* **SUPPLIED DATA**
——

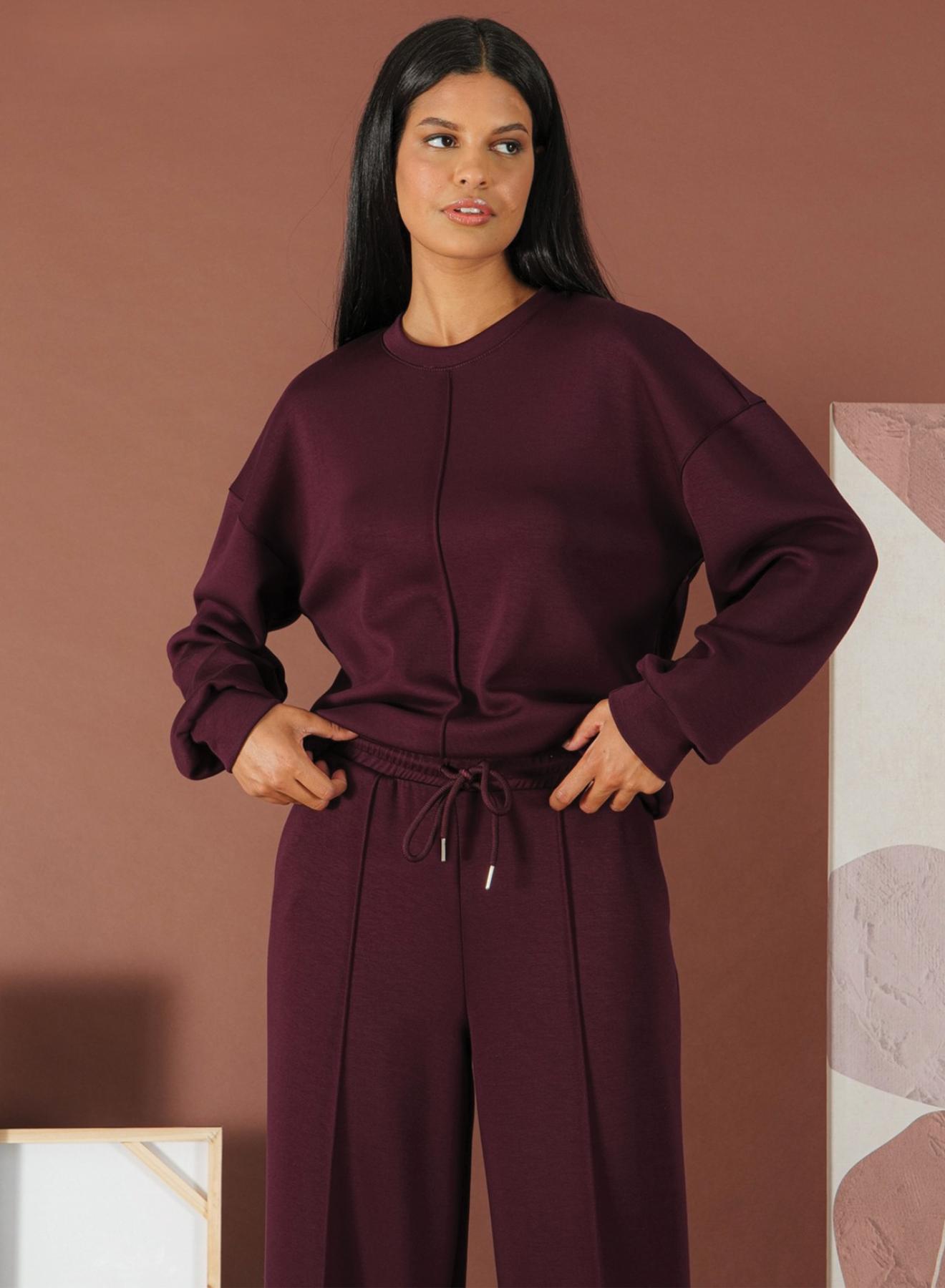 Bordeaux sweatshirt style Blouse R.R. - 1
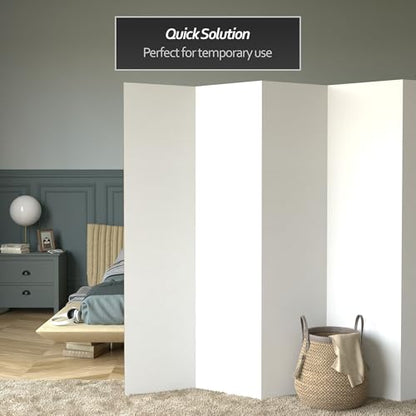 6 ft. Tall White Temporary Cardboard Folding Screen - 6 Panel - size: 6 ft Tall - 6 Panel
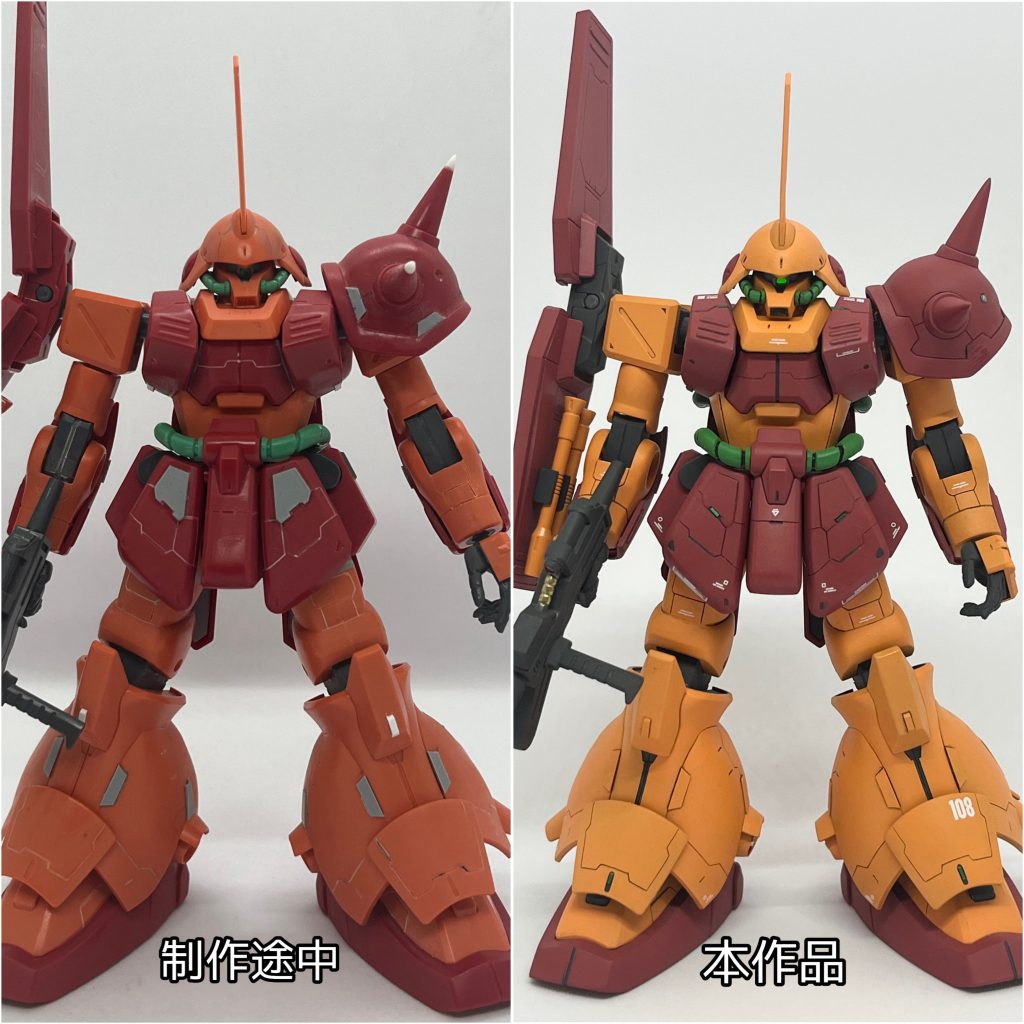 制作途中から完成までの比較。スジボリやプラ板でのディテールアップ状況です。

——

* **GOAL OF THE EXERCISE**
Lines from the one that contains "6 ft. Tall White" through the last line of the data above are to be extracted exactly, with no pictures and no other lines.

* **WRITTEN RESPONSE**
 6 ft. Tall White Temporary Cardboard Folding Screen - 6 Panel - size: 6 ft Tall - 6 Panel
 制作途中から完成までの比較。スジボリやプラ板でのディテールアップ状況です。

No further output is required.